No, we don’t hate Spark! We like it a lot – regular blog readers know that we integrated Apache Spark’s MlLib library into our SCALAR product last Fall. If you missed this news, here’s the PRESS RELEASE and BLOG POST.
What the Spark is the name of a meetup event in the Bay Area on February 26, where our principal architect, Mohammed Guller will be presenting. He will talk about the numerous benefits of Spark and why it is fast replacing Hadoop MapReduce for batch and stream processing jobs. If we’re piqued your interest, please SIGN UP for this meetup.

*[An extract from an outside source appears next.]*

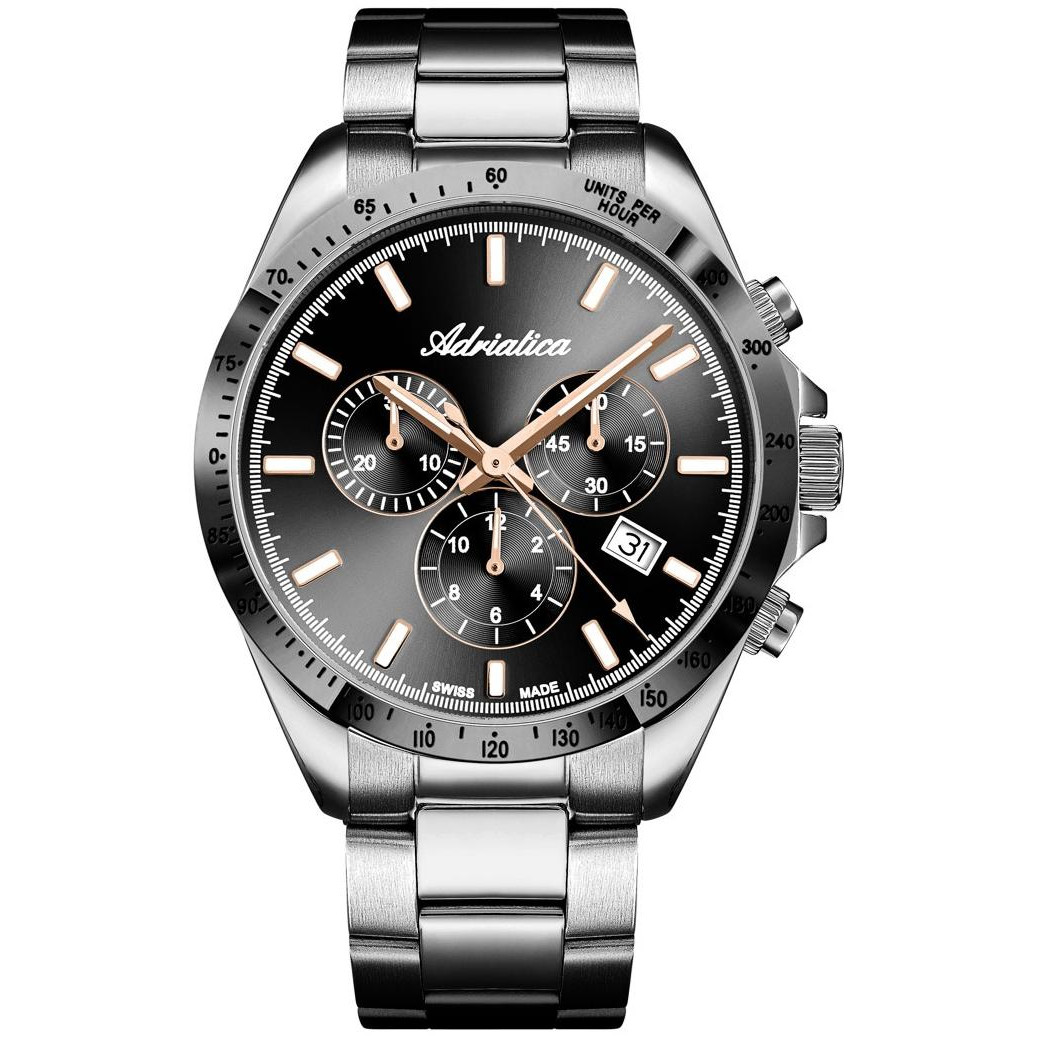 Pánské Hodinky Adriatica A1053.S1R6CH šedý náramek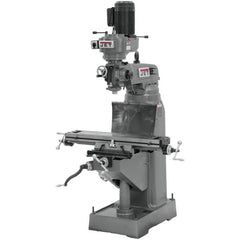 Jet - 7-7/8" Table Width x 35-3/4" Table Length, Step Pulley Control, 3 Phase Knee Milling Machine - R8 Spindle Taper, 1-1/2 hp - A1 Tooling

Glassbeam integrated MlLib with it’s proprietary, patent-pending technologies to provide end-customers with very powerful predictive analytics on product operational data. We’re already seeing great success for this capability in one of the hottest industry trends today: predictive maintenance. That is, the ability for product manufacturers (and specifically their support and services groups) to predict and preempt product issues that are likely to happen in the field. Glassbeam has a very handy ‘Rules and Alerts’ module to model and detect product anomalies; not this capability is greatly bolstered by machine learning capabilities.
Predictive Maintenance, in turn, realizes numerous benefits for any company. It helps product manufacturers avoid costly and embarrassing product failures, helps support teams become significantly more productive, and even helps services organizations identify new revenue streams based on value-added services to end-customers. As a result, we’re seeing machine data analytics become a key imperative for organizations of all size – especially where complex products generate voluminous machine data that can be mined to glean valuable insights.